Hotel Keys
by Ed Griffin-Nolan - Wednesday, February 12th, 2014
Labor agreements are in the unions’ plans for the proposed Destiny inn

Destiny USA announced plans for a hotel in the parking lot just south of its expanded shopping center, and County Executive Joanie Mahoney and Mayor Stephanie Miner caucused to consider what, if any, taxpayer support they might offer to the venture.

Meanwhile, rival hotel owners and the head of the labor union representing hotel workers had their own thoughts on the matter.

Tony Mangano, whose family runs three hotels just north of the city (Super 8, Hampton Inn and Ramada Inn) says he is watching the development carefully. “As long as everyone is on a level playing field,” says Mangano, he isn’t opposed to the projected 252-room hotel. “If they just get the typical sales tax break on building materials, I’m not opposed to that.”
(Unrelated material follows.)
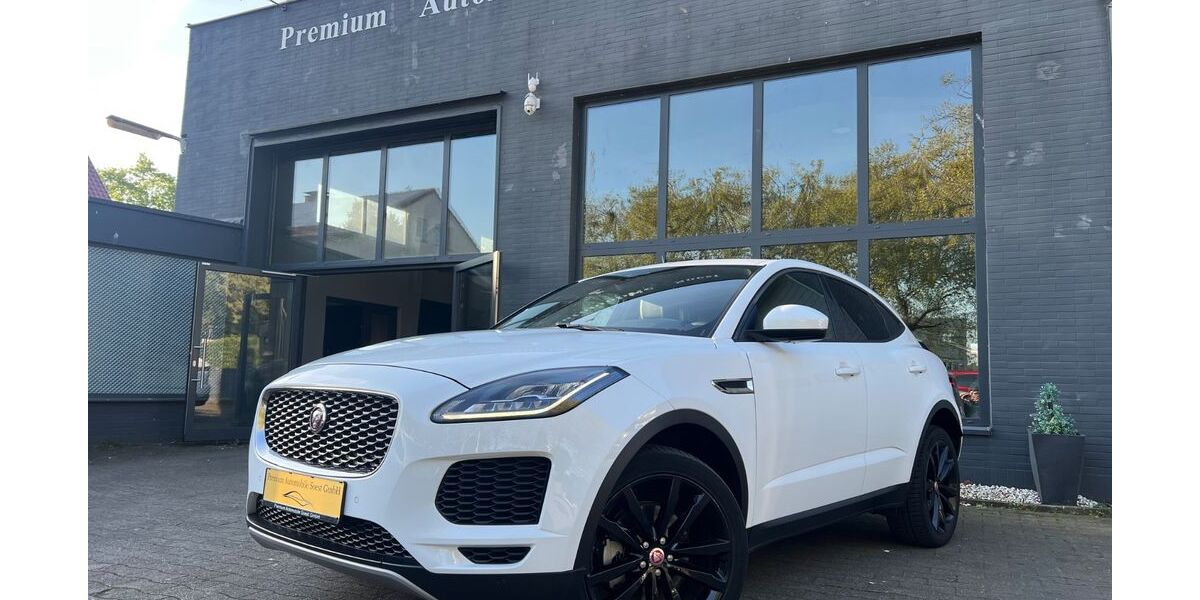 Jaguar E-Pace 71.980 km 22.500 &euro; Soest 59494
Mangano’s hotels sit on farmland bought by his grandfather. They were built in the years before tax concessions like PILOT (payment in lieu of taxes) agreements became common. “We got a sales tax break when we built a hotel in Watertown,” he says, “but property tax breaks, we haven’t gotten that, not in 30 years.”

Mangano says that his hotels benefit some from overnight guests who come to shop at Destiny and spend the night. This is the market the Destiny hotel seeks to capture.
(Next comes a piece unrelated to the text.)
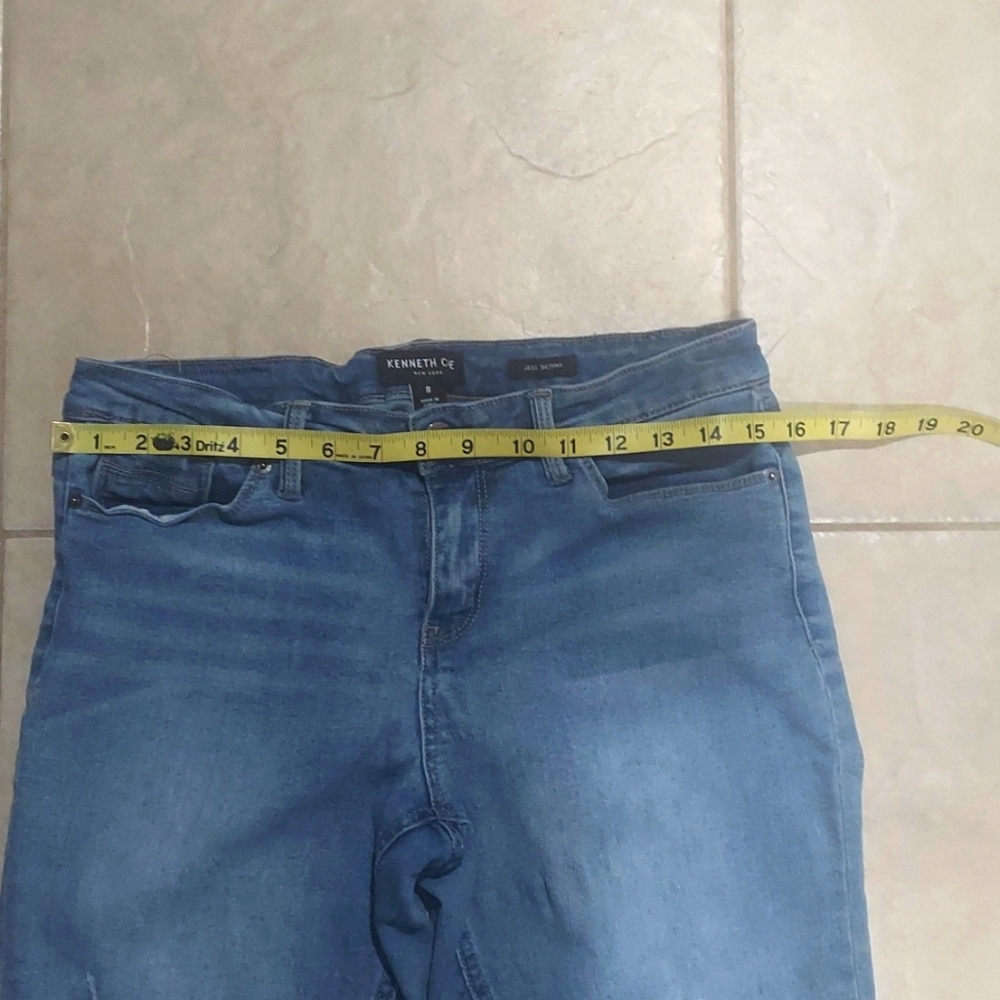 💥CLOSET CLEAR-OUT💥 3 Pairs of Skinny Jeans - Picture 4 of 16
“They bring more guests to Syracuse. I’m not living on it,” he says of the mall traffic, “but it’s been a bit of a help.”
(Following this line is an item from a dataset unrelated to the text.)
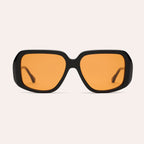 Lunettes De Soleil Gangga Noir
He won’t reveal his occupancy rate. “I wish it were higher. Every hotel will say the same thing.

“We welcome competition,” he says. “It depends on what’s in the PILOT. I pay real estate taxes. I don’t get a break on it. It goes to pay for police, fire protection, the infrastructure and services that we use. I want to get the same from them.”

Ann Marie Taliercio heads UNITEHERE Local 150, the labor union representing local hotel workers. She says that her union plans to pursue with the hotel developer a labor peace agreement (LPA, which is not the same as another agreement labeled with an acronym: a PLA, or project labor agreement).

“A {project labor agreement} levels the playing field so we can pursue quality jobs for our community,” she says.

Construction projects supported with tax dollars frequently include a project labor agreement between the builder and the construction trades unions. Securing an LPA, says Taliercio, would create a relationship between the union and the employer once the hotel is built.

“We had a labor peace agreement the last time they were talking about a Destiny hotel,” says Taliercio, who also heads the Area Labor Federation, the local affiliate of the AFL-CIO.

That hotel project, a colossus with more than 1,300 rooms proposed in 2007, never got off the drawing board. An earlier hotel plan, in 2002, resulted in an elaborate groundbreaking ceremony that brought then-Gov. George Pataki to town, but no hotel.

LPAs, Taliercio says, “set the rules as to how the playing field will be leveled. The employer agrees not to overtly fight the union, and the union agrees not to do anything that will hurt the business. It gives an opportunity to calmly, civilly talk to the people that get hired about joining a union.”

Both Taliercio and Mangano are founding members, along with Destiny USA, of Save81.org, the coalition formed last year to oppose a boulevard to replace the north-south interstate highway running through the city.